A Universal Life Dilema....

Damnit I need to scroll down to the bottom of the front forum page more often. First and for most I'm going to plug this like a whore.

There's so much to talk about here, and I love to talk.

UL and AVIVA...:nah:

Yeah I'm a little direct sometimes.

I like how this ULI bit, aka IUL. So let's take a minute to understand UL because you've made some comments that restated comments from the AVIVA gal that are inaccurate and best to leave you with a real impression that you don't like than a rosey one you'll learn to hate later (the latter tends to create litigation, not good for anyone involved).

Universal life insurance is a yearly renewable form of term insurance that has a cash receptacle that pays an interest rate on it. Some UL contracts use a stated interest rate dictated by the insurance company that is competitive with other fixed assets. IUL instead uses a crediting method that copies the percent change of an indexed within a specified period of time. Note, return looked at in all indexed products with which I am familiar (and I'm very familiar with AVIVA's contracts) is the price return not the total return. This doesn't mean throw it out. Again, real impression.

Now, the actually credit amount is also dependent on two additional pieces. Participation rate and cap rate.

Participation rate is a percentage of how much of the return you actually get i.e. the participation rate is 100% and the S&P is up 6% you get 6% if the participation rate is 50% you get 3%.

The cap rate is a a point after which additional increase in the index is immaterial this is actually the 11% ceiling you mentioned already. If the move in the index is 15% you get 11, assuming your participation rate is 100%.

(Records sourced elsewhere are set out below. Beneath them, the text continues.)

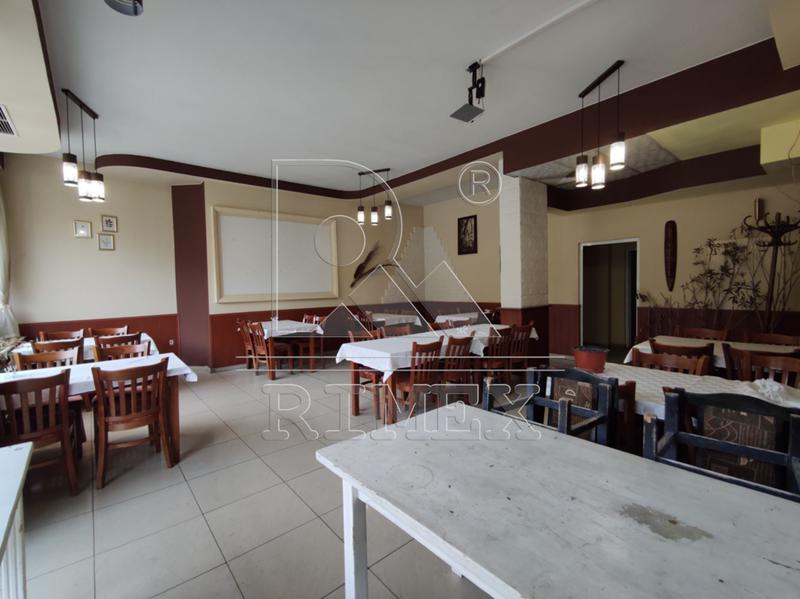 ������� ��������� | Imot.bg � ����������� 2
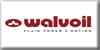 WALVOIL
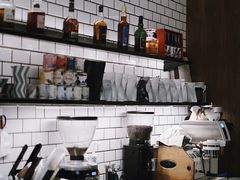 -J's Cafe Lab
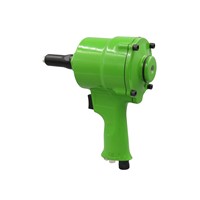 KP-705P pneumatic riveter,    air riveter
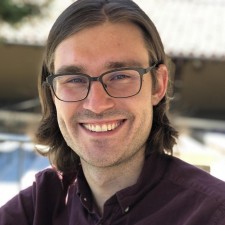 Avatar for Walter Michelin from gravatar.com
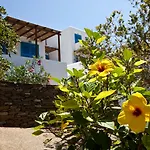 Hotel Alexandros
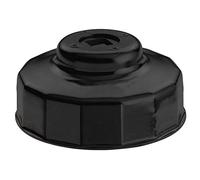 Facom D.160 Cle A Filtre Coiffe A Pans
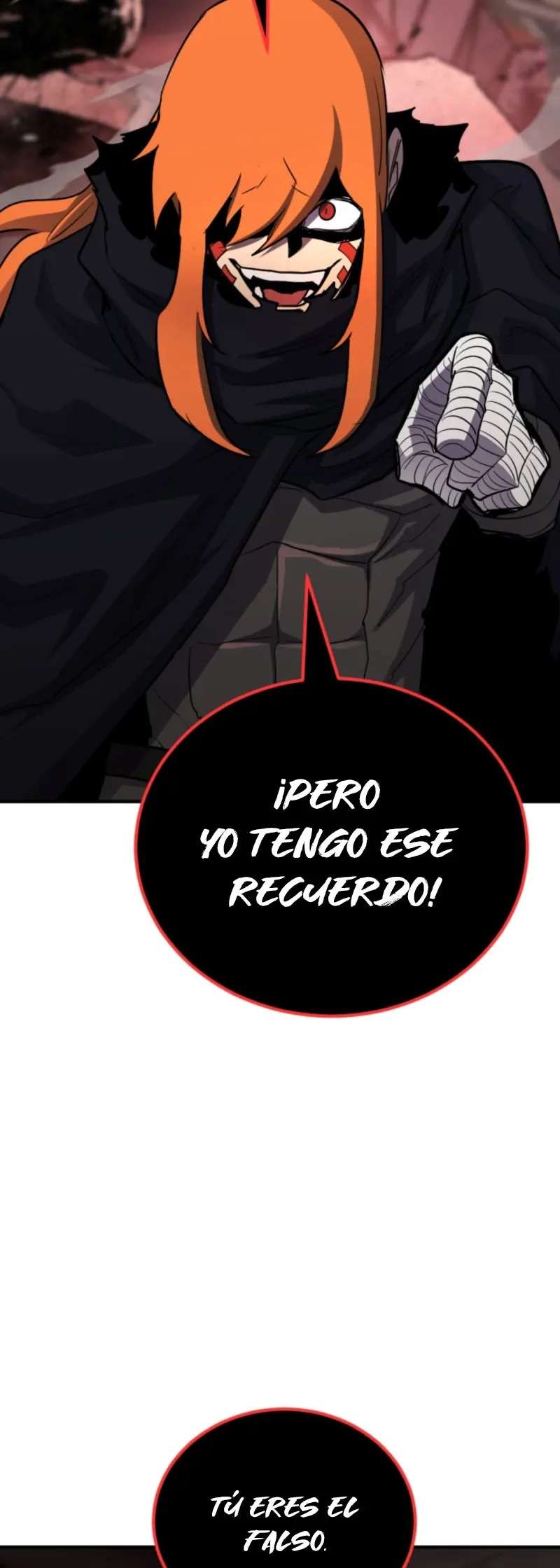 Read Estándar de la Reencarnación ES Manga Online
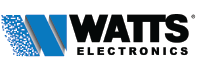 Member logo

The expense of UL increases with time. This isn't necessarily a deal breaker. This has been discussed a few times around here. But this is something to know. The comment that you're UL premium cannot increase beyond what you sign up for is technically true in that there is an absolutely maximum, but that's not the number you are looking at in the ledger, it's much much higher than that. So yes, it can increase beyond what you've looked at.

The other tricky part with UL is the premium charge imposed. It's a load fee, and some UL contracts are unscrupulous. AVIVA is certainly not kind in this regard.

Now, is UL a viable option for you? Yes, but design is key. If your agent can't be upfront either because she doesn't know or doesn't care to tell you the truth, this calls into question for whose benefit she'll design this policy. Yes I'm being very bold here, but I'm sick of the emails from people who reach out to me after the fact.

Is whole life insurance a viable option? Yes it is. I'm a believer in honesty and I won't hide behind the fact that I vastly prefer whole life insurance over UL. You won't need to poke around this forum much to find this out.

Or you could always look here ;)

Whole life can accomplish what you're looking for, and do it with a less volatility. Again, design is important.

I like where your heads at, this stuff works, and works well. But it can be seriously poorly implemented. That's where you need to be extremely careful.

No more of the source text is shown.